Em outro estudo, publicado em 2021, os pesquisadores se aprofundaram na compreensão de uma característica que forneceu novas evidências sobre o parentesco dos silessaurídeos.

Ao analisar os dentes de quatro espécies, incluindo espécimes do fóssil descrito agora, o grupo observou que, em geral, a implantação dentária dos silessaurídeos era fusionada no osso. Não havia, portanto, uma camada de ligamento (um tecido mole) entre o osso alveolar e o dente, como ocorre nos dinossauros e nos crocodilos atuais.

“Porém, ao mesmo tempo, alguns dos dentes analisados apresentaram uma configuração mais próxima daquela dos dinossauros e crocodilos, como se os silessaurídeos estivessem evolutivamente indo nessa direção, representando um estágio intermediário entre a condição ancestral [dentes fusionados] e a condição derivada [dentes sustentados por ligamentos]”, explica Mestriner, que realizou o trabalho durante seu mestrado na FFCLRP-USP, com estágio na Virginia Tech (Estados Unidos) e na Universidade de Alberta (Canadá).

A nova configuração é vista nos dentes dos mamíferos, como os próprios humanos, e considerada uma importante vantagem evolutiva em relação aos nossos ancestrais não mamíferos, uma vez que o complexo de ligamentos funciona como um sistema de amortecimento que ajuda a reduzir o impacto mecânico causado ao morder um alimento duro, por exemplo.

A informação da implantação dentária, porém, não foi suficiente para diferenciar os silessaurídeos de outros dinossauriformes.

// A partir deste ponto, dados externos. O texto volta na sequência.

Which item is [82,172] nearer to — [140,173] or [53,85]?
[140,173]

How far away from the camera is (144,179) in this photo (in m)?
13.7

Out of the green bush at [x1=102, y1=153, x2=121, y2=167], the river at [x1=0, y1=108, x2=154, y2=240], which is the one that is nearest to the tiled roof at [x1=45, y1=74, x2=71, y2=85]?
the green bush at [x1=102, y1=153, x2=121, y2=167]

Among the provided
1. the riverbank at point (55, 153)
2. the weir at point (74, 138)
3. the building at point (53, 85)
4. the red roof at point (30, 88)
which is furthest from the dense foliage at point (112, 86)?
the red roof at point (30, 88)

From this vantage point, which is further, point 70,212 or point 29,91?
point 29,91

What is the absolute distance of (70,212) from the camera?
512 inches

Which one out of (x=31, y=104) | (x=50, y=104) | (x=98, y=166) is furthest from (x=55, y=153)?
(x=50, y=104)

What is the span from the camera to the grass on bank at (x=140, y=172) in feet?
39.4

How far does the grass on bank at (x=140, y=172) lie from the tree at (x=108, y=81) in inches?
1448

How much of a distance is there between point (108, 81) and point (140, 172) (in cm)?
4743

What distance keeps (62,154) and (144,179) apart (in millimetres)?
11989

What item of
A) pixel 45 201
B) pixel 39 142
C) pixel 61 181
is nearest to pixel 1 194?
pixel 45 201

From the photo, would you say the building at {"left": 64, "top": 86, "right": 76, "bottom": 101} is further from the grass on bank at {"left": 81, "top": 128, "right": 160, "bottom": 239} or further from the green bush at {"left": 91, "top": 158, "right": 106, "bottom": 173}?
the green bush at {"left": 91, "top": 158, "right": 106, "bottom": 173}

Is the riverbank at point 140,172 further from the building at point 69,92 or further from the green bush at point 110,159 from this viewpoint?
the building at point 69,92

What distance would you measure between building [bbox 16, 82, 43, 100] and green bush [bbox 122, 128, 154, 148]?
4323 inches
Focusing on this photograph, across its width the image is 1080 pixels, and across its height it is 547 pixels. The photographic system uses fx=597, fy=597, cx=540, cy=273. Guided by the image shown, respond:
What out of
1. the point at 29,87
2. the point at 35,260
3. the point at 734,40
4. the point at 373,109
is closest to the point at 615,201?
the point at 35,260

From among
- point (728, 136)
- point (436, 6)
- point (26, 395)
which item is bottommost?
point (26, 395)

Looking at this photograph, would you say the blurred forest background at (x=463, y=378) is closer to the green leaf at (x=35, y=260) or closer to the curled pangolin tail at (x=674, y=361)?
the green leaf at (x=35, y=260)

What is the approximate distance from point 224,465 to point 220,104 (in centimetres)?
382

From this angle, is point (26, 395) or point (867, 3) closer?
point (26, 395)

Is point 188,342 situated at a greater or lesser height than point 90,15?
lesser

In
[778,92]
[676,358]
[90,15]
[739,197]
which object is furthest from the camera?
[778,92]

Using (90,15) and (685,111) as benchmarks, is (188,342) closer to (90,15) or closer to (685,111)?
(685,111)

No entanto, os afasta um pouco mais dos dinossauros, tornando mais provável que sejam uma linhagem de animais muito próxima, mas não integrante dos dinos.

Para Langer, que coordenou os estudos, mais importante do que continuar a nomear novas espécies é entender a história evolutiva dos grupos. Isso pode ser feito com base nos dados existentes, como fósseis depositados em museus.

“Precisamos de estudos filogenéticos com maior nível de detalhe. Pesquisadores que se debrucem sobre as coleções, estudem todos os fósseis daquele grupo e encontrem características que indiquem parentescos dentro do grupo ou entre grupos. Os bancos de dados que se tem hoje são elaborados a partir desses levantamentos, que têm faltado. É um trabalho duro, mas sem ele não temos como avançar”, encerra o pesquisador.